The Better Angels of Our Nature - Debut album
The Better Angels of Our Nature:
This title was borrowed from the book of the same name by Steve Pinker.
Pinker argues that despite public and media perceptions, violence in the world in all its forms is in steady decline. The book documents declining violence across time and geography. This paints a picture of massive declines in violence of all forms, from war, to improved treatment of children. He highlights the role of nation-state monopolies on force, of commerce (making "other people become more valuable alive than dead"), of increased literacy and communication (promoting empathy), as well as a rise in a rational problem-solving orientation as possible causes of this decline in violence. He notes that, paradoxically, our impression of violence has not tracked this decline, perhaps because of increased communication, and that further decline is not inevitable, but is contingent on forces harnessing our better motivations such as empathy and increases in reason.
The opening lines from the song This Circus Life were borrowed, and revised slightly, from Ray Bradbury’s 1962 novel ‘Something Wicked This Way Comes’.
The book tells the story of two 13-year-old best friends and their nightmarish experience with a traveling circus that comes to their Midwestern town. In dealing with the macabre characters from the circus, the boys learn how to combat fear. The Ringmaster is the mysterious ‘Mr. Dark’, who seemingly wields the power to grant the citizens secret desires. In reality, Dark is a malevolent being who, like the carnival, lives off the life-force of those they enslave. The novel conveys the theme that the power people, objects, and ideas have over you depends on the power you instil in them with your own mind.
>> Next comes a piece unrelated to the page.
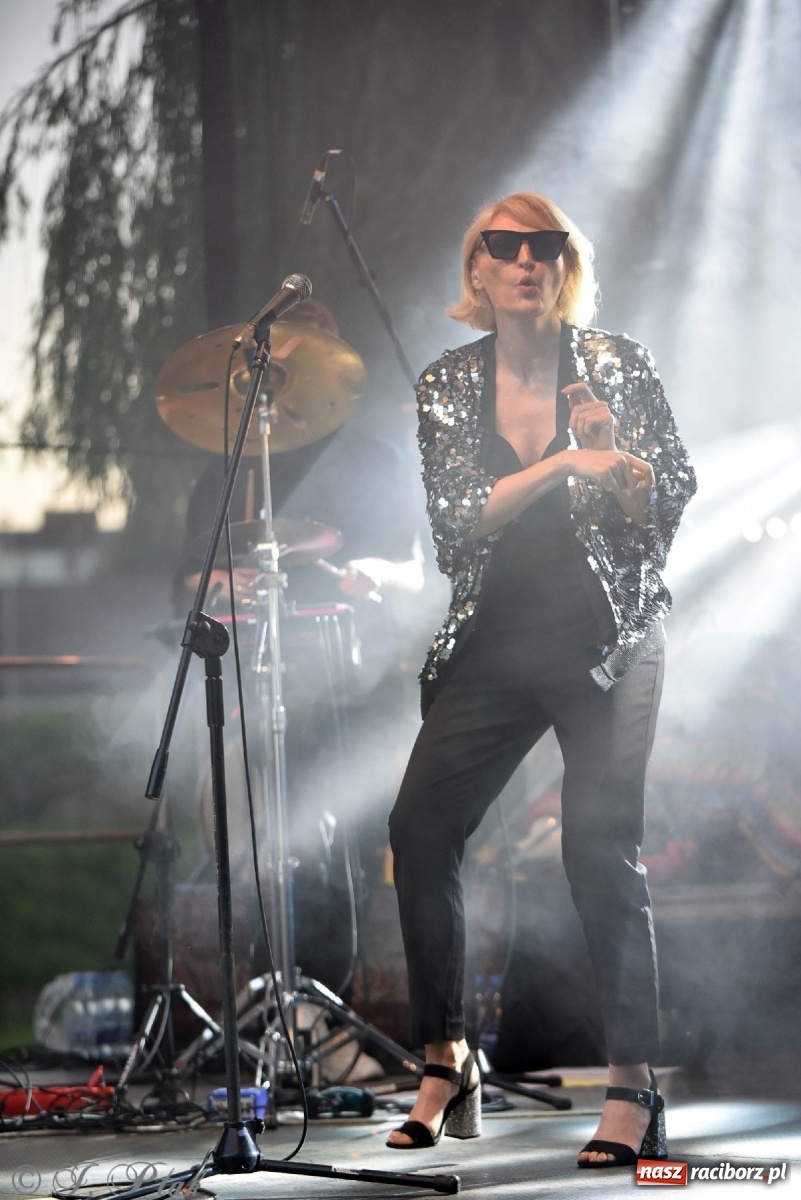 Zdjęcie w galerii na portalu naszraciborz.pl: Kiedyś Cię Znajdę - Reni Jusis na plaży i pytanie o najlepszą miejscówkę na koncert gwiazd w Raciborzu [SONDA] wiadomości z regionu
These images are used with the kind permission of Laurie Asprey.
Laurie was born in 1934 in Salford. During the 1960’s he moved to London to pursue a career in acting and appeared in numerous films and TV dramas including Department S, The Wednesday Play and the Champions. He then pursued a career as a Photographer and captured images of some of the world’s most iconic musicians including John Lennon, Bob Marley and the Rolling Stones. The images used on the front and back cover are from collections Laurie took in the 1960’s and 1970’s of working class children playing amongst the slums.
All songs written by Charlie Mear.
Produced by Dan Wilde.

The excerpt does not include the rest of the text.